Effie Briest

Langatmig ist er schon an einigen Stellen, der Roman von Theodor Fontane.
Aus einer Seite hätte man unter Umständen eine halbe machen können, aus zehn Sätzen eventuell drei, die ebenso gut vermittelt hätten,
was der Dichter uns mit seinem Werk zu sagen hat.

Vielleicht. Vielleicht aber auch nicht.
Vielleicht muss es genau so geschrieben sein
um uns die Bedeutung des Geschehens um Effie und mit ihr offenbar zu machen.

Der mit seiner Zeit verbundenen Moral wohl voraus,
lässt er uns mitleiden mit der verstoßenen Tochter.
Er lässt uns den Schmerz und die Verzweiflung fühlen der Mutter,
deren Kind zur Antiliebe und mechanischen Puppe dressiert ist
und wir fühlen das Unnütze eines Todes, der auf zweifelhaften und vom Vollziehenden selbst nicht hundert Prozent als sinnvoll angesehenen Konventionen beruht.

Effi ist jung, als sie ihr Elternhaus verlässt und ohne Entscheidungsfähigkeit in die ehelichen Hände
eines, der Generation ihrer Eltern angehörenden Mannes gegeben wird.
Bar jeder Lebenserfahrung schreibt sie alles, was sie in Angst, Langeweile, Einsamkeit und Unverständnis versetzt ihrer eigenen Unzulänglichkeit zu.
Ihr Bemühen um Anpassung und Gehorsam einer Generation gegenüber, die nicht die ihre ist, legt die ihrer Jugend entsprechenden Leichtigkeit ab und betont vor sich und der Welt die Großartigkeit des Gatten und damit ihr eigenes großes Glück, seine Ehefrau zu sein.

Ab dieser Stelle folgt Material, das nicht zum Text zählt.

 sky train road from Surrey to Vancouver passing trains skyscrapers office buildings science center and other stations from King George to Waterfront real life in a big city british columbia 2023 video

Als sie Crampas begegnet, ziehen Spiel und Spannung und jene krampfhaft abgelegte Leichtigkeit wieder in ihr Leben ein und lassen es ein wenig mehr zu ihrem eigenen werden.
Zärtlichkeiten und neu entdeckte Erregung durchbrechen die
Monotonie und Uneigenständigkeit ihres Alltags.

„Und es war noch nicht einmal Liebe“ sind Effies Worte, als sie vom Tode Crampas´erfährt.
Aber es war das Leben.

Fontane zeigt uns, was eine Gesellschaft vermag, in der Leben nur die Moral der Zeit,
Anpassung und Gehorsam verkörpern soll.
Er zeigt uns, wie das Anderssein bestraft wird bis hin zum Tode und der Vollzieher letztendlich keine Genugtuung empfindet, jedoch seine Ehre, Ehrbarkeit und Position
in der Gesellschaft durch die Tat erhalten kann.

„Ob wir nicht doch vielleicht schuld sind?“ so die Worte der Mutter am Ende des Romans
und die Antwort ihres Gatten: „Ach, Luise, lass … das ist ein zu weites Feld.“
Aber, diese wenigen Worte lassen uns hoffen.